BEGIN Source material

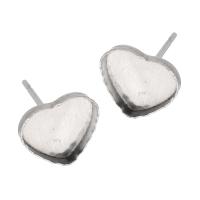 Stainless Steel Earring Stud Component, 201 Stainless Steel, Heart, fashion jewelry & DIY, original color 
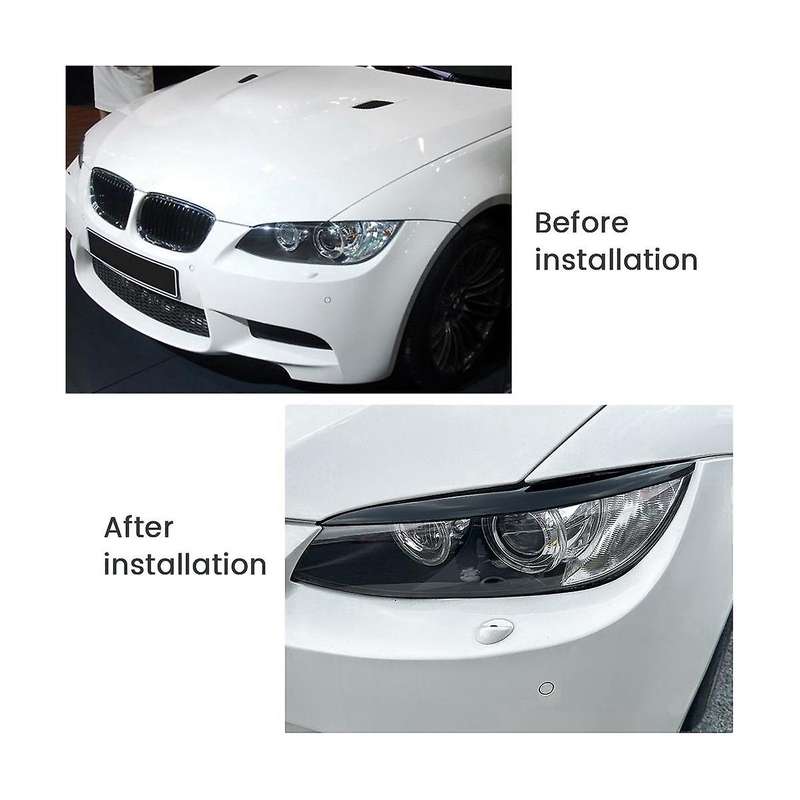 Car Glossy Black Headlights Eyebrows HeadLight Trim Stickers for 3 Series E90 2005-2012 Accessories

END Source material
BEGIN Source material

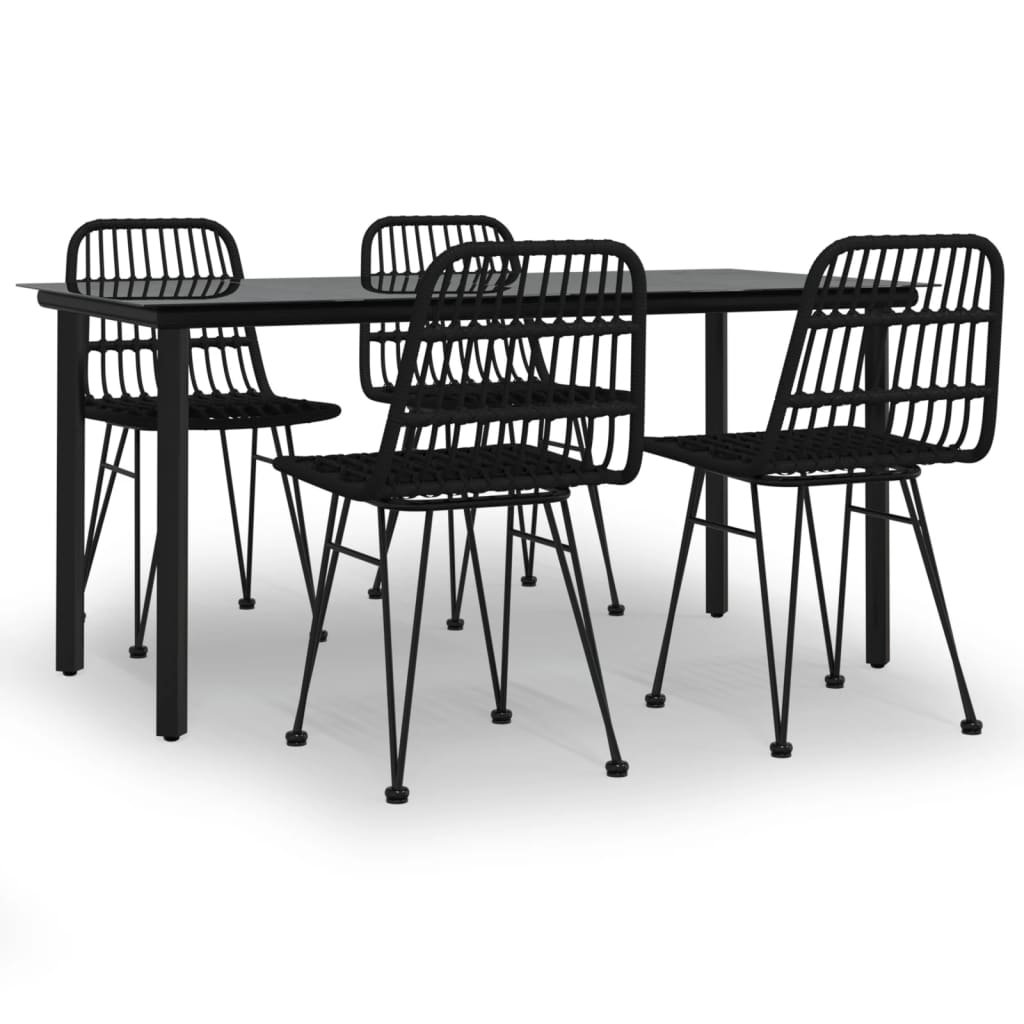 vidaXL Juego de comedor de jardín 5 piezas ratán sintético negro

END Source material

#### [Activity]
Looking above, find the stretch of lines that opens with the one holding "Stainless Steel Earring" and closes with the one holding "Car Glossy Black". Copy it exactly, pictures excluded.

#### [Exercise solution]
 Stainless Steel Earring Stud Component, 201 Stainless Steel, Heart, fashion jewelry & DIY, original color 
 Car Glossy Black Headlights Eyebrows HeadLight Trim Stickers for 3 Series E90 2005-2012 Accessories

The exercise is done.